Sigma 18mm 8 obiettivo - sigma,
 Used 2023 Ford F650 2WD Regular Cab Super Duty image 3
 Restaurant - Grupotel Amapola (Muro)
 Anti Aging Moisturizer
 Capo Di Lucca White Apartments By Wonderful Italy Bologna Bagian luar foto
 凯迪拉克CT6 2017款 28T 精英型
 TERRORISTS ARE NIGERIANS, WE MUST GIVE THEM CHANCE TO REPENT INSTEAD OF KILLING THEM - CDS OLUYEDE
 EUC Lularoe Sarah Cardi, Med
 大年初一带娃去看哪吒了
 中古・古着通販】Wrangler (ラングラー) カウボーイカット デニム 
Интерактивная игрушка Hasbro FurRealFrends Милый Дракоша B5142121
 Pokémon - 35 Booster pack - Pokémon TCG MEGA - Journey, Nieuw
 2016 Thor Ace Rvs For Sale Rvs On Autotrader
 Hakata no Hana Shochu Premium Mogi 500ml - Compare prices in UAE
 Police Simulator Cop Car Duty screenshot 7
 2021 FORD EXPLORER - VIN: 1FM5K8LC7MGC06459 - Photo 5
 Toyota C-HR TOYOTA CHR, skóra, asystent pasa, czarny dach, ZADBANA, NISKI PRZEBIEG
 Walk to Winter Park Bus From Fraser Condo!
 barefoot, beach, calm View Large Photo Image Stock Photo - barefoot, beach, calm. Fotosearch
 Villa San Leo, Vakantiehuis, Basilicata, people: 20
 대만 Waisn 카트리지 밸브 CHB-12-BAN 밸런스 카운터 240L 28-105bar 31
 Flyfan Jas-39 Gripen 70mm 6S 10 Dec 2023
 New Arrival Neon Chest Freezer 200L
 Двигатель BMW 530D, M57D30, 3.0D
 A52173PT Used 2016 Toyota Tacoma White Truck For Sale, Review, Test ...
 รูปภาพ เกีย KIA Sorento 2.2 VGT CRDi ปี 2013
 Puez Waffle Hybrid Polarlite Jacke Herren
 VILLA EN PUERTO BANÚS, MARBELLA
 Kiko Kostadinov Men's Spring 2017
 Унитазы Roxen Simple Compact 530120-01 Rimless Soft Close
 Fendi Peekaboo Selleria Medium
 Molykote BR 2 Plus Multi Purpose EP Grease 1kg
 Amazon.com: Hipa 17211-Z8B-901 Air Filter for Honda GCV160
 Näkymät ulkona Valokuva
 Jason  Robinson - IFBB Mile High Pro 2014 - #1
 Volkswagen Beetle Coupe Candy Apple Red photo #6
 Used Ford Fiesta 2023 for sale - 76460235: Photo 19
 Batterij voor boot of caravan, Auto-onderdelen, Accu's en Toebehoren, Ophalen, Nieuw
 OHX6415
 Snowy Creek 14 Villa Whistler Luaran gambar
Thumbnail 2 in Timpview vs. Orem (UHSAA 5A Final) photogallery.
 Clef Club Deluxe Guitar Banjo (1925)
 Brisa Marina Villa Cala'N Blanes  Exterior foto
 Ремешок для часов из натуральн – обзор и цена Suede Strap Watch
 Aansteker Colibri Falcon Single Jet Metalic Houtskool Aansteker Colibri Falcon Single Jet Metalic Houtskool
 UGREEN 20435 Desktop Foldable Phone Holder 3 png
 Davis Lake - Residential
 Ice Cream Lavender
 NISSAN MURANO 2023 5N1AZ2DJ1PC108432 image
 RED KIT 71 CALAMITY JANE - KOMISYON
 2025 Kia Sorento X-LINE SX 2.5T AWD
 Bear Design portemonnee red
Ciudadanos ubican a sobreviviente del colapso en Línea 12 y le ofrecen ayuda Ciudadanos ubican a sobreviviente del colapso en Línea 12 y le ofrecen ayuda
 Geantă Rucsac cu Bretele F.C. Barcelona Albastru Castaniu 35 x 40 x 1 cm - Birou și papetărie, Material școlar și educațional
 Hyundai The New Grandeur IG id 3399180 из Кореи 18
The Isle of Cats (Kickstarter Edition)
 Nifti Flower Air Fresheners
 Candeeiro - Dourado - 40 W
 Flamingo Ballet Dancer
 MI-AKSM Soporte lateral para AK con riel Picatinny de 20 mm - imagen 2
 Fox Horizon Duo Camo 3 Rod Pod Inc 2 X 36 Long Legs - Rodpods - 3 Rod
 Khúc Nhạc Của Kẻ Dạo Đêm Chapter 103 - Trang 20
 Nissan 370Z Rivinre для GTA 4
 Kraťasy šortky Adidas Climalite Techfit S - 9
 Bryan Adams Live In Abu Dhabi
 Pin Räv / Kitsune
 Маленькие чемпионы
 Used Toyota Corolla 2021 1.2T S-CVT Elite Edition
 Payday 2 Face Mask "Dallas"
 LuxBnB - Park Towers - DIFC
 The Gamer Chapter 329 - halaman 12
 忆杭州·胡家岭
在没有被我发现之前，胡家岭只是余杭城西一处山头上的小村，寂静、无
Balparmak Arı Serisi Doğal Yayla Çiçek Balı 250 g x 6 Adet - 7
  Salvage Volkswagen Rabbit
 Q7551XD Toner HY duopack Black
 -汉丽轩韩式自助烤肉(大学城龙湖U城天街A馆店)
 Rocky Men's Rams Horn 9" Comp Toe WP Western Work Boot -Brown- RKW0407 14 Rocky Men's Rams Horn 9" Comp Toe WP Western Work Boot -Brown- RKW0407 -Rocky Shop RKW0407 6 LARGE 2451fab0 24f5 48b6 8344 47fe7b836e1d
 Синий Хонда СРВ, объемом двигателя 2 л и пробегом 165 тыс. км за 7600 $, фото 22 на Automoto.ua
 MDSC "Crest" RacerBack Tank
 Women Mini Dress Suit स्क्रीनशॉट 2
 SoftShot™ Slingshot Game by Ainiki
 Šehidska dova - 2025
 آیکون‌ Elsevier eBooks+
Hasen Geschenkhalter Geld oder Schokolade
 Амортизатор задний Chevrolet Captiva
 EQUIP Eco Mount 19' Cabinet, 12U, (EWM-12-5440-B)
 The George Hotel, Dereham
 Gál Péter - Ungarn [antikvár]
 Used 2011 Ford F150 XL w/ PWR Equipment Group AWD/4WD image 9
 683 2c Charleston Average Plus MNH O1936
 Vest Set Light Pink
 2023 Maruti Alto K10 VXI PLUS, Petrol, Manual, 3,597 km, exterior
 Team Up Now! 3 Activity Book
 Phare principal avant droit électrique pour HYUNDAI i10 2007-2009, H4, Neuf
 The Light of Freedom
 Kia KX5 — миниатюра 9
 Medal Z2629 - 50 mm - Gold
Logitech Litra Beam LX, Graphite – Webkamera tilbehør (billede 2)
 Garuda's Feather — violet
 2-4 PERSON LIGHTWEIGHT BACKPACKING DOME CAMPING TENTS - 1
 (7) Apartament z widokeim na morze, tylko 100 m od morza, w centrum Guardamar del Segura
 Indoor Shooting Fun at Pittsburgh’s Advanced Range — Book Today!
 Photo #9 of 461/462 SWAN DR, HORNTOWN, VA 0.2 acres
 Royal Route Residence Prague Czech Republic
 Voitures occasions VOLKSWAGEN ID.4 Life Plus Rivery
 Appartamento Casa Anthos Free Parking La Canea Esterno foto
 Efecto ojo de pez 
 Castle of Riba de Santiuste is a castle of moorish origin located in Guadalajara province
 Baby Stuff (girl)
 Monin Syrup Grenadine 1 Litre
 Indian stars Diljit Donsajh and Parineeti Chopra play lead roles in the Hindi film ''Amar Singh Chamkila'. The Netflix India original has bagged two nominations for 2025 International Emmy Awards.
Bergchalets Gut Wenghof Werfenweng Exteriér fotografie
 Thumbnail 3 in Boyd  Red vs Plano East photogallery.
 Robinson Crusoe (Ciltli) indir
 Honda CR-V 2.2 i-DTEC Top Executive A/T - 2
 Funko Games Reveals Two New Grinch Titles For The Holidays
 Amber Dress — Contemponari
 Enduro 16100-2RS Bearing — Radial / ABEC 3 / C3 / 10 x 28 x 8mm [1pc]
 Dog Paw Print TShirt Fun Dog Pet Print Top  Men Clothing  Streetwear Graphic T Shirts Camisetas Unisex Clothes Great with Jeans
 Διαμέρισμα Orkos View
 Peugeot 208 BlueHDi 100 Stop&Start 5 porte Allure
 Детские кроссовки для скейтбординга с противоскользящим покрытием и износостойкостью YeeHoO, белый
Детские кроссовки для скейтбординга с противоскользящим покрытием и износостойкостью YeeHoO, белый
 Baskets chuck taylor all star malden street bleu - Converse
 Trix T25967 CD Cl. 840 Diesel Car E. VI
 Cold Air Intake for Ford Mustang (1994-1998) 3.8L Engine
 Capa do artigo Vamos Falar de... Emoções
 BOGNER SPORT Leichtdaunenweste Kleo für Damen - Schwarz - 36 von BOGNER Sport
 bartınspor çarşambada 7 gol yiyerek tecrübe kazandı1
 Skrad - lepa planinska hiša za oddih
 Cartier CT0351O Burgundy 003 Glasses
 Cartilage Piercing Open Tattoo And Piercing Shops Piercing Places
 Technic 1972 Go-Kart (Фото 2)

▸ Work item:
Look for the string "покрытием" in the listing above and copy every line holding it.

▸ Exercise output:
 Детские кроссовки для скейтбординга с противоскользящим покрытием и износостойкостью YeeHoO, белый
Детские кроссовки для скейтбординга с противоскользящим покрытием и износостойкостью YeeHoO, белый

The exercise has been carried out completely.